The Committee set a minimum level of Adjusted EPS that must be achieved for each of the one-year performance periods and a minimum level of cumulative Adjusted EPS for the award to be payable for the three-year period; and also set Adjusted EPS levels (and a cumulative Adjusted EPS level) at which, depending on the Company’ consolidated net sales, the maximum payout opportunity of 200% of the target can be achieved, while failure to attain the minimum level for each performance metric results in forfeiture of the associated opportunity.  Thus, there is range of payout levels for each metric and for each performance period, depending on the Company’s performance under both metrics.

The Committee will use interpolation to determine the exact payout percentage.  In addition, the Committee has discretion to reduce the award payout percentage based on quality of earnings.  If the Company’s financial statements are restated, the Committee may require that any executive whose malfeasance contributed to the restatement return any proceeds earned from this award.

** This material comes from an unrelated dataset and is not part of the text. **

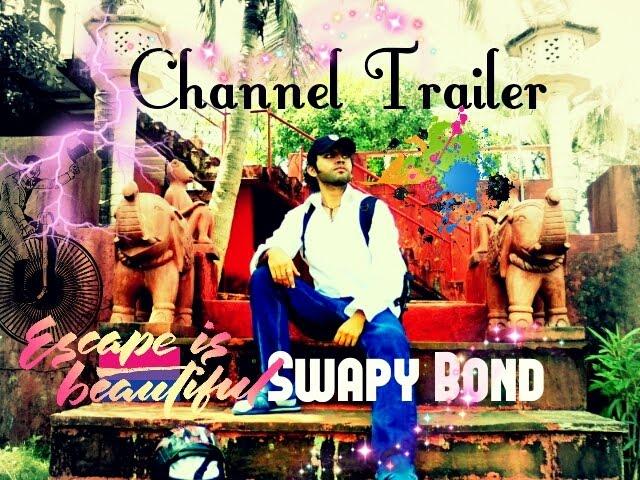 Swapy Bond-The Biker | Channel trailer | Feat.Barack Obama & Laloo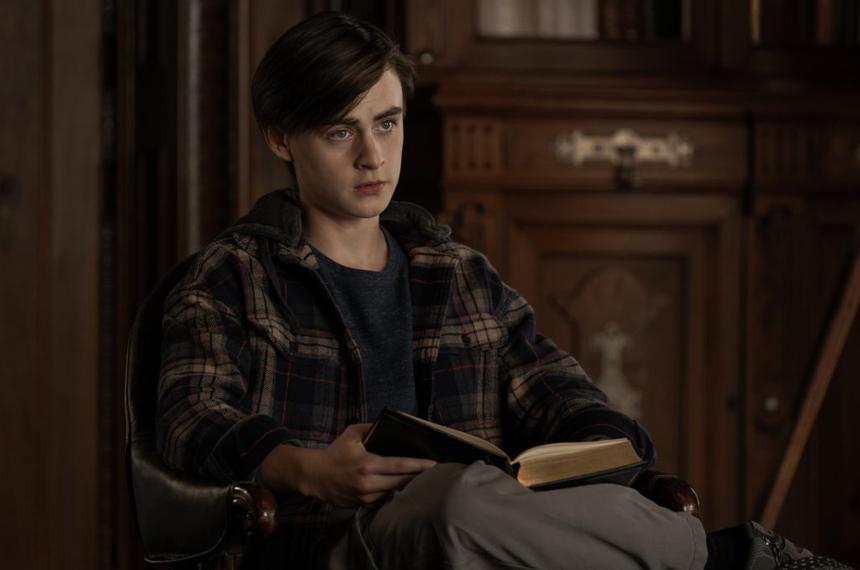 Кадр из фильма «Телефон мистера Харригана»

These awards are subject to the terms of the 2011 Plan and the foregoing summary is qualified by reference to the actual terms set forth in the 2011 Plan.  The 2011 Plan is listed as Exhibit 10.1 to this Current Report on Form 8-K and is incorporated by reference herein.

The Committee also approved of payouts under the Company’s Annual Incentive Plan (“AIP”).  While several of the Company’s businesses did not earn payouts under the AIP, the Committee decided to award discretionary bonuses to individuals it determined made contributions to the Company, including to John W. Schmidt of $100,000.


Item 9.01   Financial Statements and Exhibits

(c) 
Exhibit
 
     
 
10.1
Brown Shoe Company, Inc. Incentive and Stock Compensation Plan of 2011, incorporated herein by reference to Exhibit A to the Company’s definitive proxy materials filed with the Securities and Exchange Commission on Schedule 14A on April 15, 2011.
     
     

 
 

 



 
SIGNATURES
 
Pursuant to the requirements of the Securities Act of 1934, the Registrant has duly caused this report to be signed on its behalf by the undersigned hereunto duly authorized.

   
BROWN SHOE COMPANY, INC.
   
(Registrant)
     
     
Date: March 18, 2013
 
/s/ Michael I. Oberlander
   
Michael I. Oberlander
   
Senior Vice President, General Counsel and Corporate Secretary


 
 

 

INDEX TO EXHIBITS

Exhibit Number
 
Description
10.1
 
Brown Shoe Company, Inc. Incentive and Stock Compensation Plan of 2011, incorporated herein by reference to Exhibit A to the Company’s definitive proxy materials filed with the Securities and Exchange Commission on Schedule 14A on April 15, 2011.